COLOMBO: Sri Lankan authorities on Sunday arrested a police officer and a Buddhist monk accused of leading an arson attack against a mosque and a Muslim business amid a wave of religious violence.
Deputy Inspector-General Priyantha Jayakody said the policeman, a monk and two others were caught on camera torching the buildings in Panadura just outside the capital Colombo.
“They were taken after analysing CCTV footage which showed them setting fire to a mosque and a Muslim-owned book shop at Panadura last month,” Jayakody told reporters in Colombo.

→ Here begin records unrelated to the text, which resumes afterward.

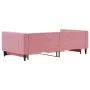 Sofá cama nido con cajones terciopelo rosa 100x200 cm de vidaXL, Camas y somieres - Ref: Foro24-3196749, Precio: 315,18 €, De...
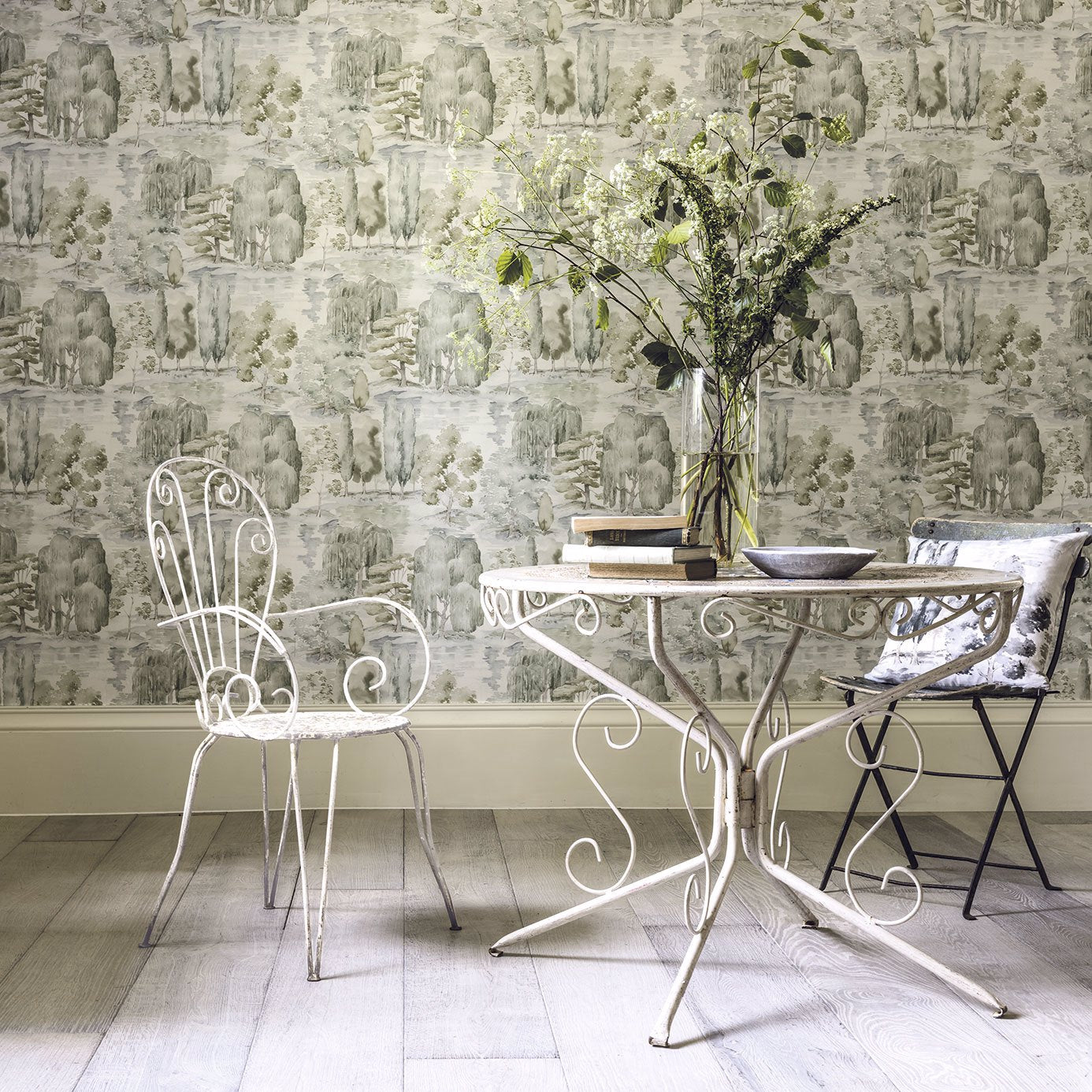 Sanderson Waterperry Mint 226266 Fabric DWAP226266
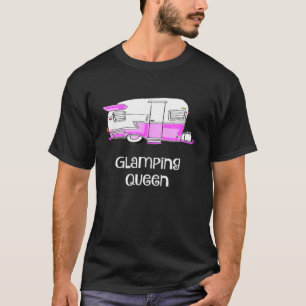 Family Camping Shirt Glamping Queen Rv Camping T
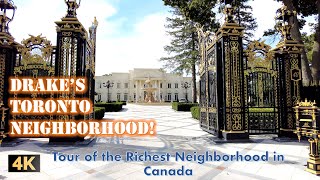 4K Richest Toronto Neighborhood  Bridle Path CANADA Walking Tour [upl. by Sybil]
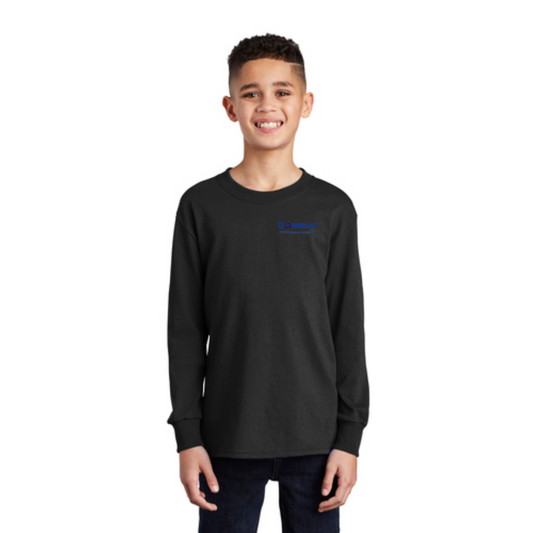 Downeast - Port & Company® Youth Long Sleeve Core Cotton Tee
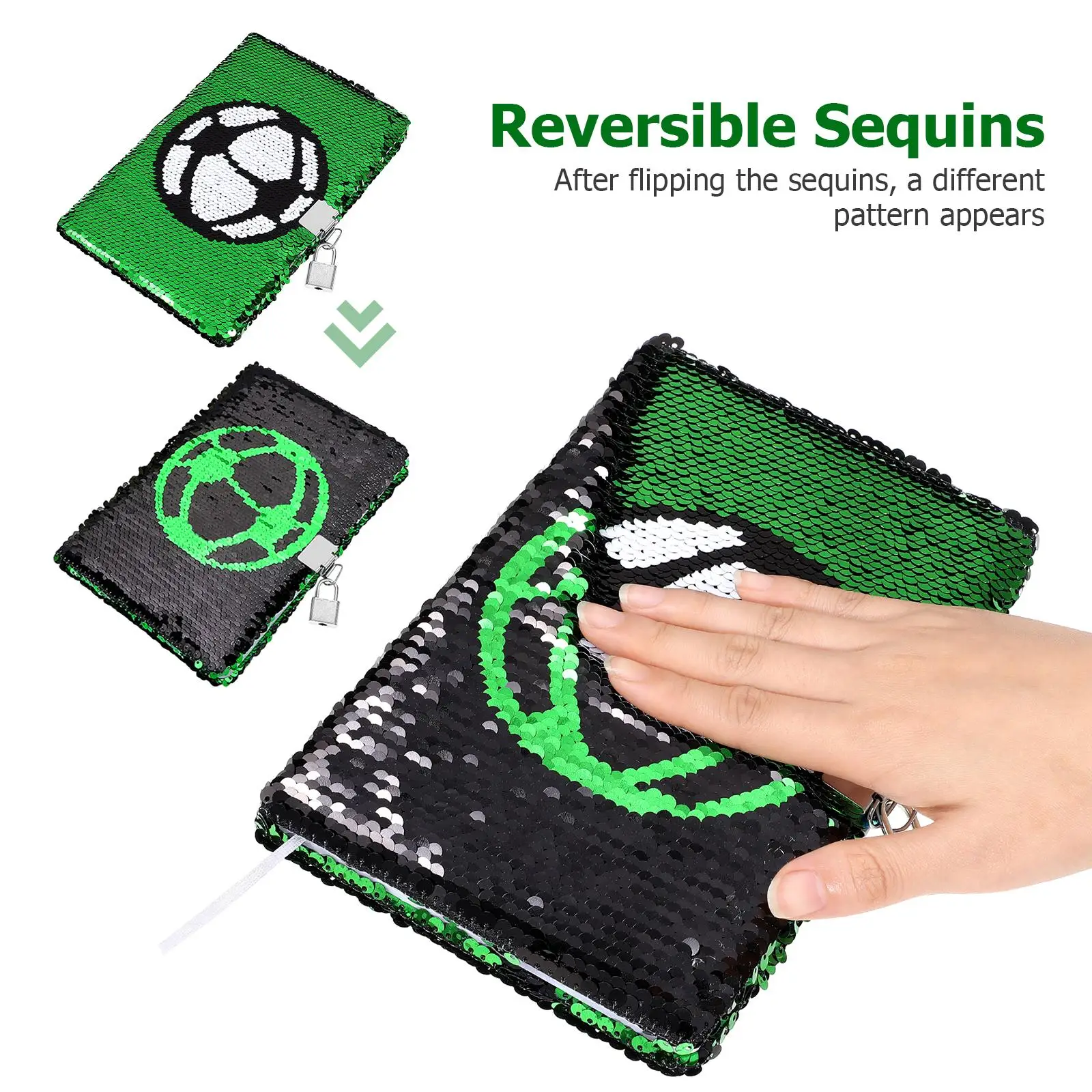 Sports Football Notebook Office A5 Notepad Boys Diary with Lock Key Craft Journal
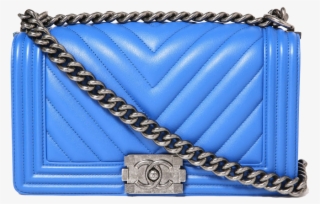 Blue Shoulder Fashion Chain Perfume Bag Handbag Clipart - Wallet #9040304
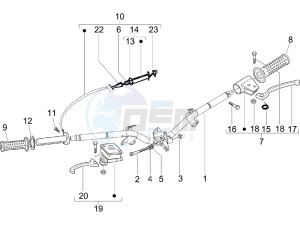 Liberty 50 4t drawing Handlebars - Master cilinder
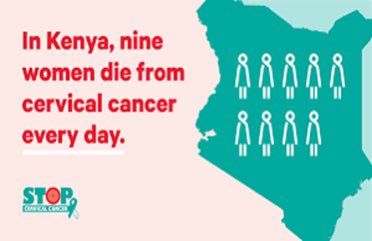 In Kenya, cervical cancer is the second most common cancer among females. It is estimated that nine women die from cervical cancer everyday. #ActNow! #STOPCervicalCancer #CervicalCancerAwarenessMonth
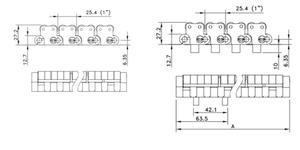 Cadena de rodillos de malla de plástico para transporte recto Bibo 1005-ft(ftdp)-lbp - Product Image 2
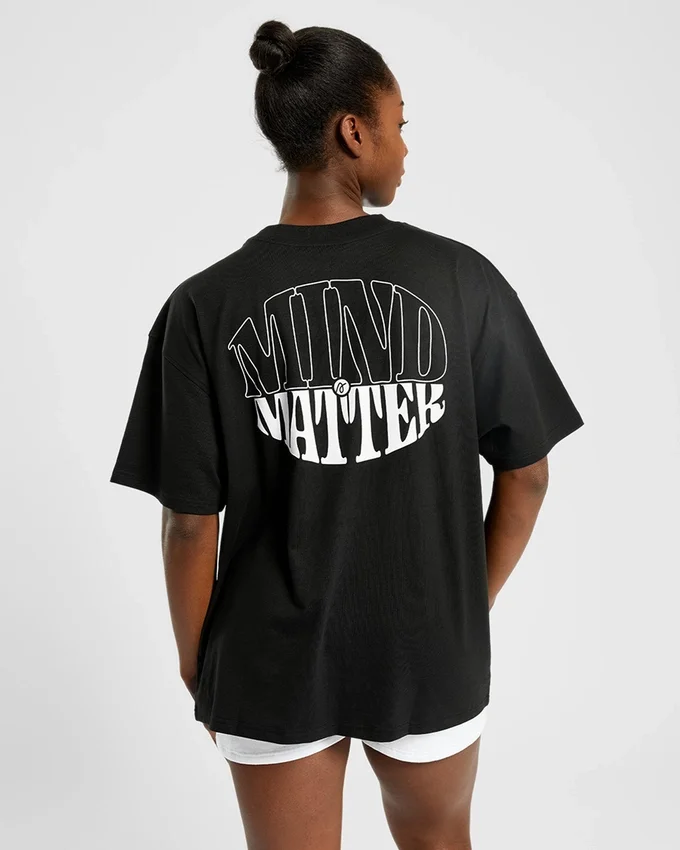 „Mind Over Matter“ Oversize-T-Shirt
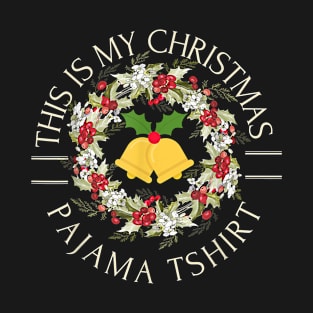 This Is My Christmas Pajama Xmas Lights Funny Holiday T-Shirt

The arrested policeman, a constable stationed at Colombo, was accused of stoking racial and religious tensions, Jayakody added, describing the arrests as a “breakthrough” in efforts to curb the outbreak of violence.
Police say the four accused are close associates of Galagodaatte Gnanasara, a Buddhist extremist who heads a group of radicals blamed for a slew of arson attacks against Muslim businesses, cemeteries and mosques.
An arrest warrant has been issued for Gnanasara, who went underground in May after police linked dozens of alleged hate crimes against Muslims to his radical Buddhist Force, or BBS.
Police have warned that anyone harbouring or aiding the fugitive monk in any way will face prosecution.
Gnanasara maintains close ties with Wirathu, an extremist monk in Mandalay whose hate speech has galvanised religious tensions in Myanmar.
Wirathu visited Sri Lanka as a guest of Gnanasara in September 2014, shortly after anti-Muslim riots at the tourist resort of Aluthgama left four people dead and hundreds of Muslim homes destroyed.
The arrest warrant issued for Gnanasara dates back to April 2014, months before the outbreak of violence, when he was accused of insulting the Quran.
The government has vowed to protect Muslims in the Buddhist-majority nation and prevent the violence from escalating. Legislators have promised tougher laws to crackdown on hate speech.
Earlier this month, foreign diplomats urged Sri Lanka to take action to stop the violence from escalating.
In a video message released last week, the BBS denied any involvement in the attacks, but accused the government of allowing Islamist extremism to flourish in Sri Lanka.